## Exercise details
Once the line holding "Sicurezza sul lavoro: obblighi" is found in the listing below, write it out and each later line exactly, up to and including the one holding "Annapolis Creed: Why".
============
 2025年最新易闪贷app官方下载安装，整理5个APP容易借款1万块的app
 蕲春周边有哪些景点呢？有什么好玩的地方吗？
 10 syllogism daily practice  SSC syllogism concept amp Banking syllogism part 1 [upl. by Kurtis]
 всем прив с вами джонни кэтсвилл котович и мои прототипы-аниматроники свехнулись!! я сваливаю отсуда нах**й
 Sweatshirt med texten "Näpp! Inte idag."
============
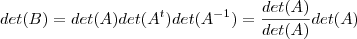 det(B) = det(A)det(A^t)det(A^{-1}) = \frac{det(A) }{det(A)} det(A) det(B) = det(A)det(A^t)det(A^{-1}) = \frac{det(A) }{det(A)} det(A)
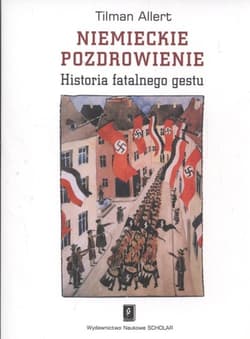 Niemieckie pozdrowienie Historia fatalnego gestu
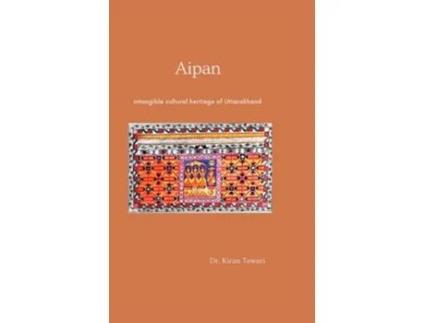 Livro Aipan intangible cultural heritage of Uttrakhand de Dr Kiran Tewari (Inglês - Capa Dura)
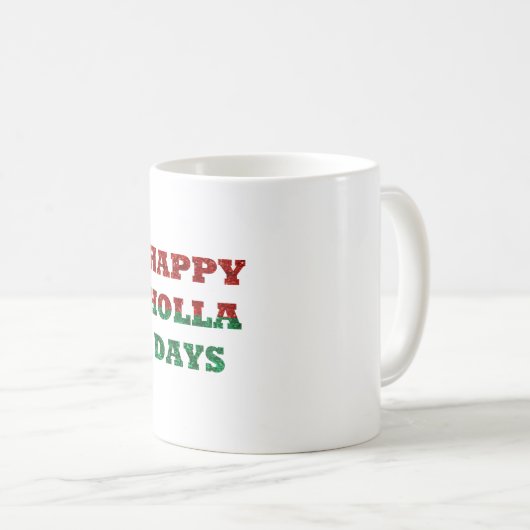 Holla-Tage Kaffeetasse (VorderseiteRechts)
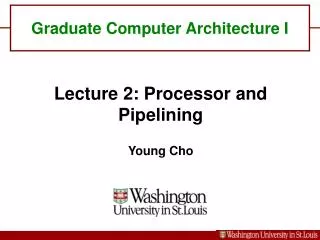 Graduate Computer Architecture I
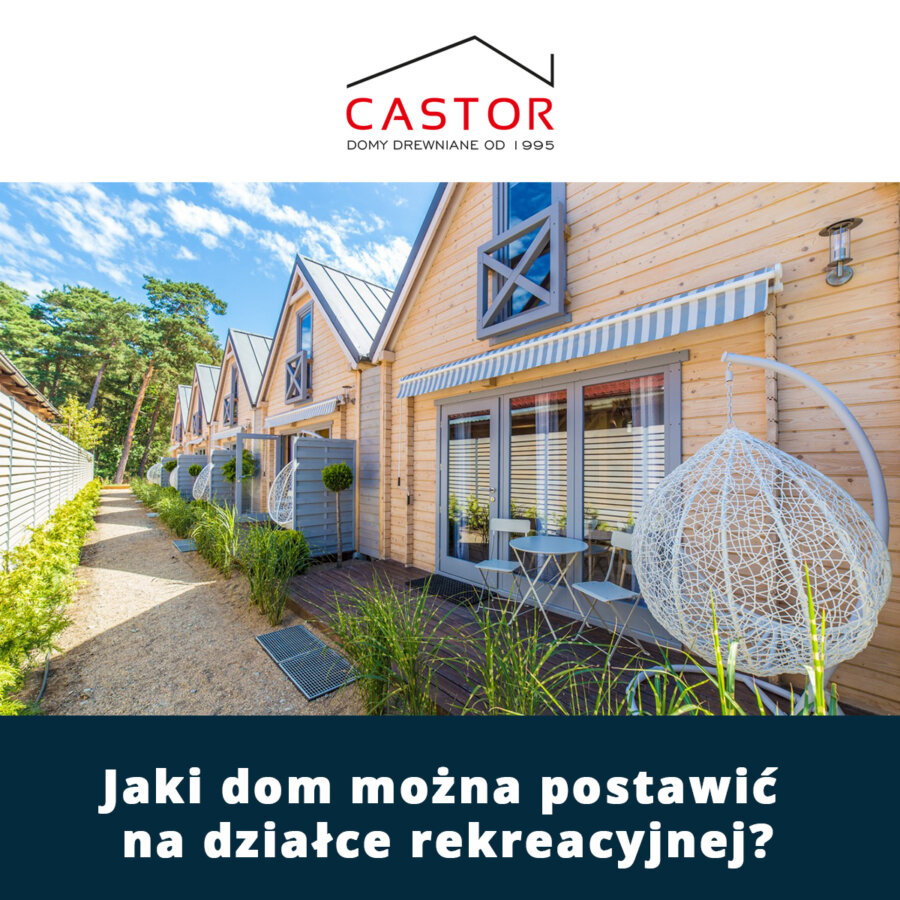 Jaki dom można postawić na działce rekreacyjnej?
============
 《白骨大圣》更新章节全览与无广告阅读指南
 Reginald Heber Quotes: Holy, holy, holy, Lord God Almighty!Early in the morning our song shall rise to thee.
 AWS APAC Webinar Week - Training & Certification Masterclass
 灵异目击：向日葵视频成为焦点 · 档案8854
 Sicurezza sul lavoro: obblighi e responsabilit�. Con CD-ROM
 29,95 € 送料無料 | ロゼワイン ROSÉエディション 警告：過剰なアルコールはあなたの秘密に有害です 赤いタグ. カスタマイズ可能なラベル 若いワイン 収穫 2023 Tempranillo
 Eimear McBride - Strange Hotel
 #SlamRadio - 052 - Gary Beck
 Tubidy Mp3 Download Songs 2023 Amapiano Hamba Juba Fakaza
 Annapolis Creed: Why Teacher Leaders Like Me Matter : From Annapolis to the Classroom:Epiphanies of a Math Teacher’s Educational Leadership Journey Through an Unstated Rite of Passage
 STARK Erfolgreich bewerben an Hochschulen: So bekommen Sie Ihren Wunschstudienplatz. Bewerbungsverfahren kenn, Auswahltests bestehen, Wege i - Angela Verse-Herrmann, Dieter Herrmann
============
## Result for this exercise
 Sicurezza sul lavoro: obblighi e responsabilit�. Con CD-ROM
 29,95 € 送料無料 | ロゼワイン ROSÉエディション 警告：過剰なアルコールはあなたの秘密に有害です 赤いタグ. カスタマイズ可能なラベル 若いワイン 収穫 2023 Tempranillo
 Eimear McBride - Strange Hotel
 #SlamRadio - 052 - Gary Beck
 Tubidy Mp3 Download Songs 2023 Amapiano Hamba Juba Fakaza
 Annapolis Creed: Why Teacher Leaders Like Me Matter : From Annapolis to the Classroom:Epiphanies of a Math Teacher’s Educational Leadership Journey Through an Unstated Rite of Passage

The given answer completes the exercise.